- [ACTIVITY]: The lines below, from the one holding "2023 MAZDA CX-5 VIN: JM3KFBBM8P0239462" through the one holding "La Mirada Golf Course wedding", are to be restated word for word, with all images left out.

--- STORED DATA Enclosed Below ---

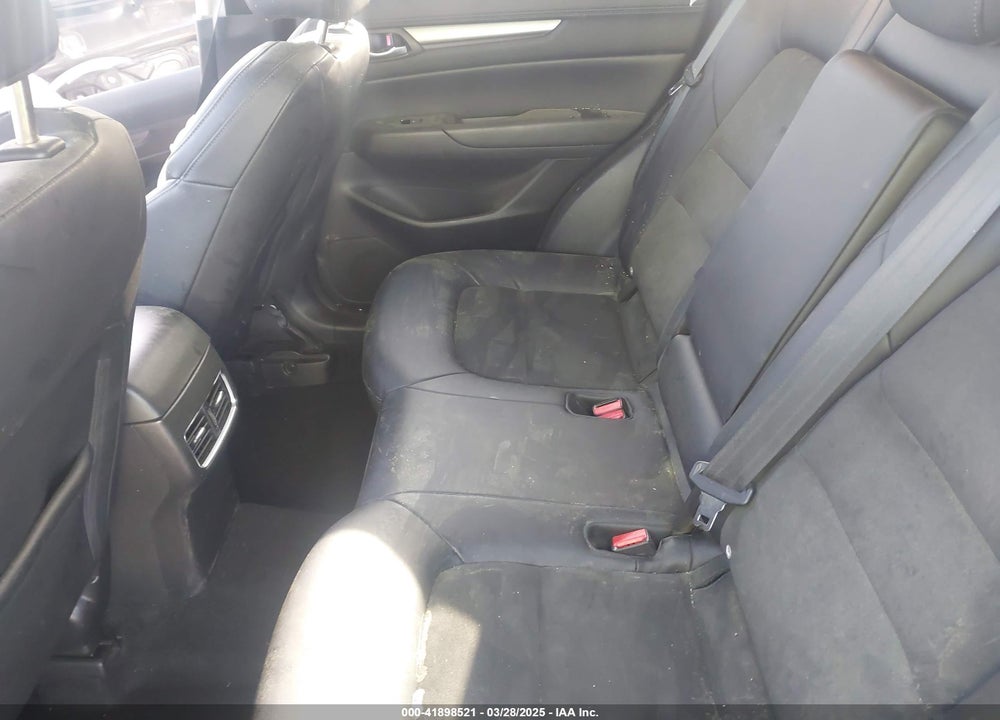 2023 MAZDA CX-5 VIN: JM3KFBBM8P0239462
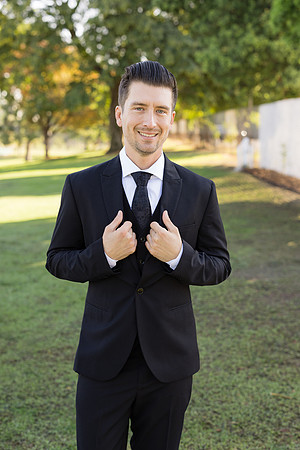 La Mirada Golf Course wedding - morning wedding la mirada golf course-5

--- End of Enclosed STORED DATA ---
--- STORED DATA Enclosed Below ---

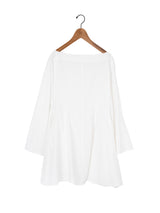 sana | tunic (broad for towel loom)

--- End of Enclosed STORED DATA ---
--- STORED DATA Enclosed Below ---

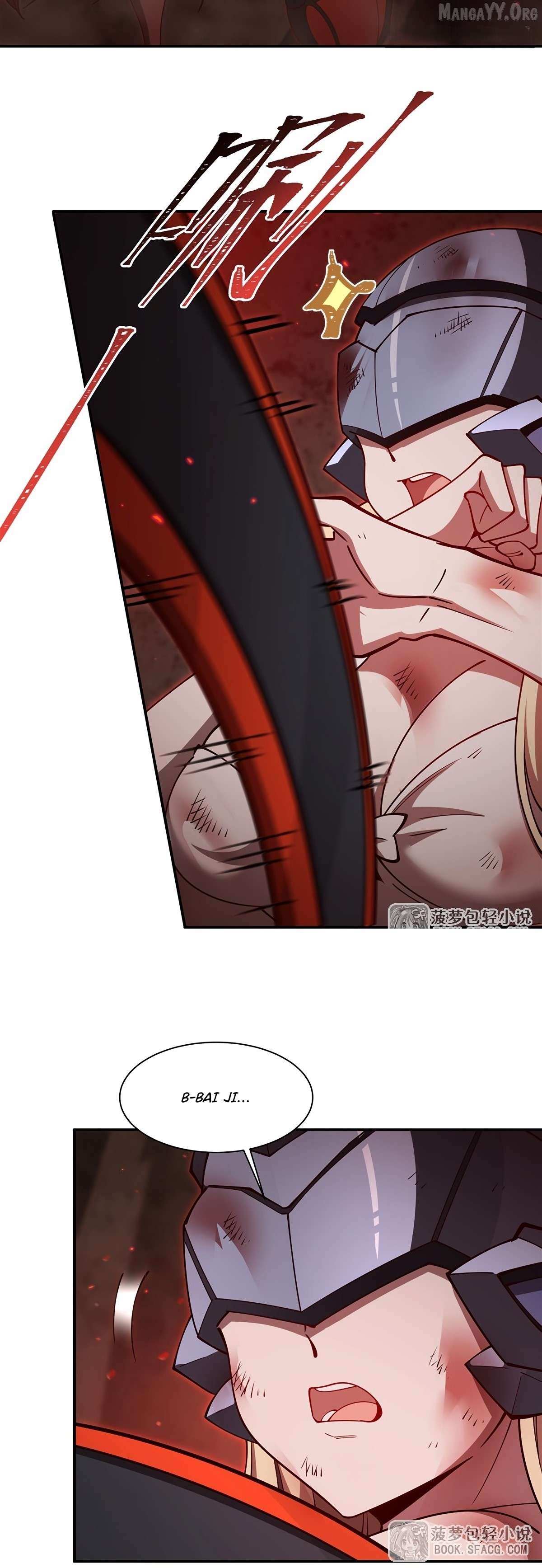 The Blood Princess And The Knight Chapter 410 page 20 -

--- End of Enclosed STORED DATA ---

- [TASK OUTPUT]:
 2023 MAZDA CX-5 VIN: JM3KFBBM8P0239462
 La Mirada Golf Course wedding - morning wedding la mirada golf course-5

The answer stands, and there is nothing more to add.